A Healthcare AI Data Collection Platform for Detection of Kidney Stone Formation in Early Stages from Urine Sample

中原大學

鍾文耀老師

盧思博、鍾夕德、李政新、黃琳順、吳冠毅、王宜巧

This work presents a healthcare artificial intelligence (AI) platform used for the detection of kidney stone formation in the early stages. The system measures three parameters, pH, conductivity, and uric acid concentration in urine samples. The system utilizes Analog Devices® ADuCM355 chip in EVAL-CN0428-EBZ module. The rate of kidney stone formation disease or urolithiasis has been rising in recent decades worldwide. Urolithiasis only shows the symptoms in the late stages with patients experiencing severe pain. The disease also places a large economic burden on the public and the private healthcare system. The presented system intended to address these issues by providing aid to detect the formation of kidney stones in the early stages. That allows physicians to correct the abnormality using methods such as metabolic screening, diet control, or medical management.
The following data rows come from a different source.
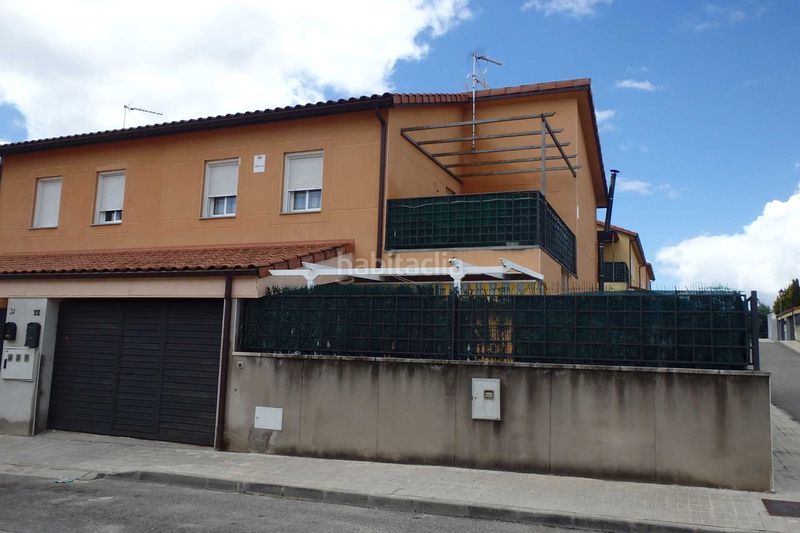 Foto 602587e7-44fc-4939-8ba3-034689fff002. Casa a Escalona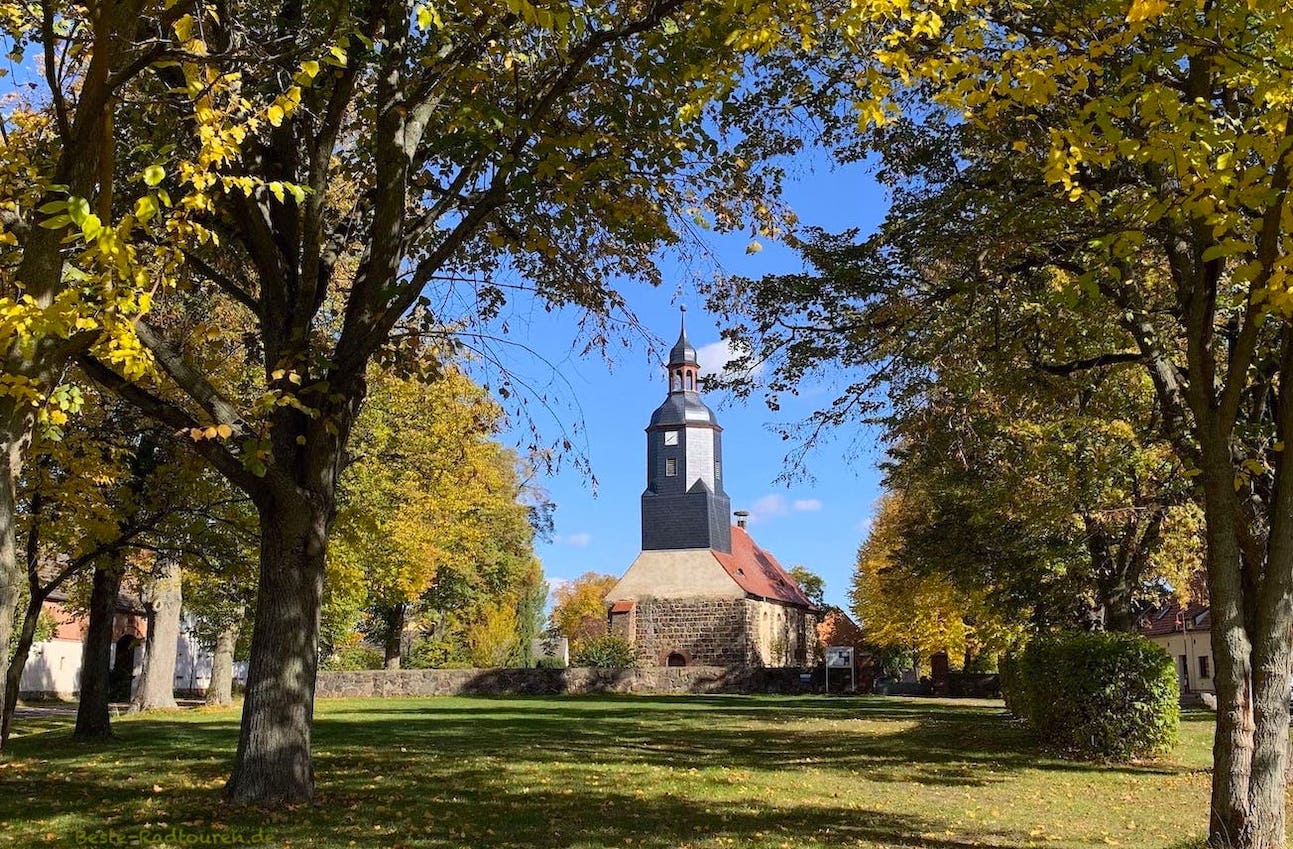 Foto vom Tetzel- und Berlin-Leipzig-Radweg aus: Dorfkirche Seehausen (Niedergörsdorf)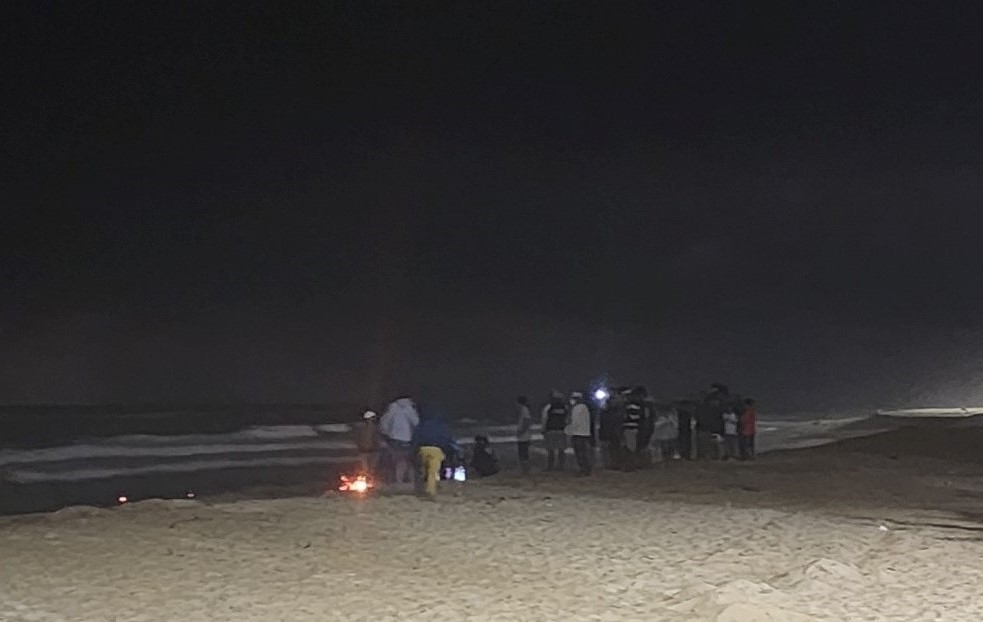 Xuyên đêm tìm kiếm 2 người mất tích trên biển ở Thừa Thiên Huế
An ion-sensitive field-effect transistor (ISFET) as a sensor along with an external potentiometric readout circuit forms the pH measurement section. A gold- coated two-electrode conductivity sensor directly connected to the module is used for urine sample electrical conductivity measurement. The disposable commercial electrochemical strip is used for the measurement of uric acid concentration. The system is designed for measurement of pH from 2 to 10, conductivity from 1mS/cm to 40mS/cm, and uric acid concentration from 20ppm to 500ppm. In the first phase, the presented system is used for the collection of measured data from both healthy individuals and kidney stone formers. Such stored data will be utilized in the training of machine learning algorithms. After successful training and implementation of the model, the hardware will have the potential of being a point-of-care device for early detection of kidney stone formation. AI healthcare solutions presented in this work will contribute to relieving the patients’ extreme pain and frees the resource of the healthcare system.